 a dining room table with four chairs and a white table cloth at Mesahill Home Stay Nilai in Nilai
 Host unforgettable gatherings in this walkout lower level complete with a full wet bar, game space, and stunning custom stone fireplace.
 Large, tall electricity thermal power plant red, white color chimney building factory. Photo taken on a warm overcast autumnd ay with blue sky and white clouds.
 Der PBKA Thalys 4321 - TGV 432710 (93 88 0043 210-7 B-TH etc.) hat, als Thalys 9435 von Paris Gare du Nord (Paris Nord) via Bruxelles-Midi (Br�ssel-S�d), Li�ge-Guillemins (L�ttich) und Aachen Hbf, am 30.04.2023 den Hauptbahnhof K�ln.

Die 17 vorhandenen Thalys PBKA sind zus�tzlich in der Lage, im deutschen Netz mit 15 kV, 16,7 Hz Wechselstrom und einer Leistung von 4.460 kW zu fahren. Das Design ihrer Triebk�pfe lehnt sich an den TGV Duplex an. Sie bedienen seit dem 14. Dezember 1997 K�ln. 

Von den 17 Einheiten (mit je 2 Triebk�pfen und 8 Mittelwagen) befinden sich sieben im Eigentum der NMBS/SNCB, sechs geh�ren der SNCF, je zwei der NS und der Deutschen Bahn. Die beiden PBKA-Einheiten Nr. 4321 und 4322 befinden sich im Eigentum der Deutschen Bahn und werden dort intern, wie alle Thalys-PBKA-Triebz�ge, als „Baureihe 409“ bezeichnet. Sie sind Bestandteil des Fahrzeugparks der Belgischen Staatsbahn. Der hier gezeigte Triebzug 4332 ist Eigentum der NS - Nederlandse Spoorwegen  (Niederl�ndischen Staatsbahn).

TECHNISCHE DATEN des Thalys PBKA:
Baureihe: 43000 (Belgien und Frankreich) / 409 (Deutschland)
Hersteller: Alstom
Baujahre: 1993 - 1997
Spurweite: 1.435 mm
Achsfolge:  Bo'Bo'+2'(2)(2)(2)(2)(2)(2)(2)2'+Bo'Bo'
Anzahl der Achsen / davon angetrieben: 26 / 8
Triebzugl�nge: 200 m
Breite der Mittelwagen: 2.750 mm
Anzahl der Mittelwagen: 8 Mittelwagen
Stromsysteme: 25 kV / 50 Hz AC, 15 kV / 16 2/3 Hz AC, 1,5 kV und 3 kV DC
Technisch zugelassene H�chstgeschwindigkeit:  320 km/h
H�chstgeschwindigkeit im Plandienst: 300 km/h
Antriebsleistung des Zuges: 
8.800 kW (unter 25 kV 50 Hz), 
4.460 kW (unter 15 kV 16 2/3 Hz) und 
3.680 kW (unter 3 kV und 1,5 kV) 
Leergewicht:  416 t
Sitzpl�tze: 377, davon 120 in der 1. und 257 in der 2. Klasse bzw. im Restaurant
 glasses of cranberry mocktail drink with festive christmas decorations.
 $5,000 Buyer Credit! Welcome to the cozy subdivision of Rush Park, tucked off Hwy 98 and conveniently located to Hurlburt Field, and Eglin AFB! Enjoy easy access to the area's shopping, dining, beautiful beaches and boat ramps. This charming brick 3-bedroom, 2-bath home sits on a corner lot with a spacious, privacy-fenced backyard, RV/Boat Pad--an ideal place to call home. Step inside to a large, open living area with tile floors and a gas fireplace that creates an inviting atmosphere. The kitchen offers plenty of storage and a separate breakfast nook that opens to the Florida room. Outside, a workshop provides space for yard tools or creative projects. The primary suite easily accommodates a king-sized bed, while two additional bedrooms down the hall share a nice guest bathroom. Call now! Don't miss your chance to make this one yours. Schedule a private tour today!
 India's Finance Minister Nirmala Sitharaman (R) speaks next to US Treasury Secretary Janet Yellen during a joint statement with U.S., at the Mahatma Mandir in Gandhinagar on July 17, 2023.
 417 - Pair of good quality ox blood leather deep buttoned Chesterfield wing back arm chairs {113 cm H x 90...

About this exercise
From the first line of the records through the line with "Der PBKA Thalys", retype everything word for word, including both ends.

Solved problem
 a dining room table with four chairs and a white table cloth at Mesahill Home Stay Nilai in Nilai
 Host unforgettable gatherings in this walkout lower level complete with a full wet bar, game space, and stunning custom stone fireplace.
 Large, tall electricity thermal power plant red, white color chimney building factory. Photo taken on a warm overcast autumnd ay with blue sky and white clouds.
 Der PBKA Thalys 4321 - TGV 432710 (93 88 0043 210-7 B-TH etc.) hat, als Thalys 9435 von Paris Gare du Nord (Paris Nord) via Bruxelles-Midi (Br�ssel-S�d), Li�ge-Guillemins (L�ttich) und Aachen Hbf, am 30.04.2023 den Hauptbahnhof K�ln.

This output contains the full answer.